**Exercise directions:** Go through the entries below line by line and tally those holding "Island"; write only the tally.

== Data ==

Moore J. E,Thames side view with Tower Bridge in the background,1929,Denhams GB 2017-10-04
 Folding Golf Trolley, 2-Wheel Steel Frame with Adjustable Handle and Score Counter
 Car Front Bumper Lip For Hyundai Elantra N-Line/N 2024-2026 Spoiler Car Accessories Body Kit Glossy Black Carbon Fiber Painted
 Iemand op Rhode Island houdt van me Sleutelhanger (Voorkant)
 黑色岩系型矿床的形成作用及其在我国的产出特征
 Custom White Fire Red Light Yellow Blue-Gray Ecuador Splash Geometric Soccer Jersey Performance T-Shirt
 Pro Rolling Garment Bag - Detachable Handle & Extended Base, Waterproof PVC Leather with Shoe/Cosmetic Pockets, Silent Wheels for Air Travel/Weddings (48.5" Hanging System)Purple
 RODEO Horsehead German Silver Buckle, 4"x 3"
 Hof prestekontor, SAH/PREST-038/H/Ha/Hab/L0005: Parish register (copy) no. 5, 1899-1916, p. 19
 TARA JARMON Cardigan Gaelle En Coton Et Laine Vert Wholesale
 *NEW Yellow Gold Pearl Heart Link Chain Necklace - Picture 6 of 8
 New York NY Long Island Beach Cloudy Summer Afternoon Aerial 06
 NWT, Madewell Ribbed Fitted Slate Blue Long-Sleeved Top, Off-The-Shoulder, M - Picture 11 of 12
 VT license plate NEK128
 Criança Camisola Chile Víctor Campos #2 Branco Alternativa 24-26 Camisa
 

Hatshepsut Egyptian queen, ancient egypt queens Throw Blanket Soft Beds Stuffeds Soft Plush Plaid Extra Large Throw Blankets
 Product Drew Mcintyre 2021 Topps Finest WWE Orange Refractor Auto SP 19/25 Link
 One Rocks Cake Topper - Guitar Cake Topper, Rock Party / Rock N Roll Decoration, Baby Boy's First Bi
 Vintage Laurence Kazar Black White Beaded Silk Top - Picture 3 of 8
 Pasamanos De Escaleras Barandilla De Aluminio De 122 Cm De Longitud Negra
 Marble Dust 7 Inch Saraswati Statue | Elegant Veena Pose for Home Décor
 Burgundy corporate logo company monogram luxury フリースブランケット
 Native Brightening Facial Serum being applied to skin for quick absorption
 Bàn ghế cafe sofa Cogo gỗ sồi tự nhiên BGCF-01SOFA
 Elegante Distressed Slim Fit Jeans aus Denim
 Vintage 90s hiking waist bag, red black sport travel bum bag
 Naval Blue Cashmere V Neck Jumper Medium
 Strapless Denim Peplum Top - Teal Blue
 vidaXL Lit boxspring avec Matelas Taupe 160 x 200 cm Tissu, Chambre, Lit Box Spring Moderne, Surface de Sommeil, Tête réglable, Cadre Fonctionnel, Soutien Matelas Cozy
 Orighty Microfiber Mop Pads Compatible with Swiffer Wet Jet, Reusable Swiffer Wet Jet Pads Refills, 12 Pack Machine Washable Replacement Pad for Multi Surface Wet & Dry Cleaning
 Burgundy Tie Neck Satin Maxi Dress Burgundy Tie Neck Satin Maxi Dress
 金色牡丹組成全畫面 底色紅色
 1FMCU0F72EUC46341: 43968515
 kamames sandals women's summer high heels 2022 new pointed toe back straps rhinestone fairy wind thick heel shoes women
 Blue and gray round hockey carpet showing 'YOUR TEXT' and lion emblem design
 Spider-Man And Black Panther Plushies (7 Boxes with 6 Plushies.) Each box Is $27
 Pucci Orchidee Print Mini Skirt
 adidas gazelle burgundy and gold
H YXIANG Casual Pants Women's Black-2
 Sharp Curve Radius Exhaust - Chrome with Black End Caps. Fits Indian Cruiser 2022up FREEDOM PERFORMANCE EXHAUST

===

**Result of this exercise:** 2